Myths of Street Life

In 2008, Urban Ministry began construction on Moore Place, an 85-unit housing facility on Moretz and Lucina streets, and finished in 2012. Urban Ministry also runs MeckFUSE for Mecklenburg County. The housing program identifies homeless men and women with health issues who cycle in and out of Mecklenburg's jail, street camps and shelters. They subsidize their housing, though if the clients have income, they are responsible for 30 percent of their housing costs.

That's one of the most pervasive myths of homelessness: that people experiencing it don't work. A 2009 report by the National Coalition for the Homeless found that 44 percent of Americans experiencing homelessness actually have jobs. The number would probably be higher if "off the books" work was included.

"So anecdotally, when people say 'Why can't they just get jobs,' it's inaccurate. Many people who come to us are working," Fries says. "The problem is finding temporary or part-time work, as opposed to full-time employment. People are underemployed; they still can't make ends meet."

Another housing project, Room in the Inn, has been operating since 1996. In the winter months, local colleges and congregations pair with Urban Ministry to provide up to 130 warm beds a night for men, women and children.
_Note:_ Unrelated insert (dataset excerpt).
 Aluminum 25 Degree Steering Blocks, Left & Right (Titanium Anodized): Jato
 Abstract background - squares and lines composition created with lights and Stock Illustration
Davidson College and Queens University both take part in this program, a sort of decentralized shelter program that not only increases available beds for homeless people, but forges stronger community ties and greater understanding for issues of homelessness.

That's another pernicious misconception about homelessness: that it can't be solved — that homelessness will always persist in our cities.

"When you invite people to volunteer and interact with their homeless neighbors, they go back to their homes, their jobs and places of worship and spread the word: this is more complex than we've been taught, and yes, there is a solution," Mullennix says. "If people keep spreading that message, change will come."

Overall, about 2,000 people are experiencing homelessness in Charlotte-Mecklenburg any given night, and about 450 of them are chronic homeless. Salvation Army's Center of Hope (the women's shelter) is nearly always full, though Urban Ministry outreach volunteers seek out people living in the woods, sleeping on benches, in storage units and under bridges. They still offer their original services, like the soup kitchen, because these are the places they make initial contact with the people they are looking to help.

"It helps us lay a foundation with people who need to develop trust with us," says Liz Clasen-Kelly, associate executive director. "Especially the chronic homeless, they have a wall up. It's not safe staying outside, and sometimes it's not safe in the shelters, either. It's not only the ones who ask that need the help."

The Urban Ministry will celebrate its 20th anniversary Dec. 10 from 5 p.m. to 7 p.m. at the ArtWorks 945 Studio, 945 N. College St. In addition to tours of the space, Urban Ministry will hold a holiday art exhibit featuring work from Charlotte artists who struggle with homelessness, and a performance by the Holiday Singers, a Dickens-style caroling group. All proceeds benefit the artists and the Urban Ministry's mission.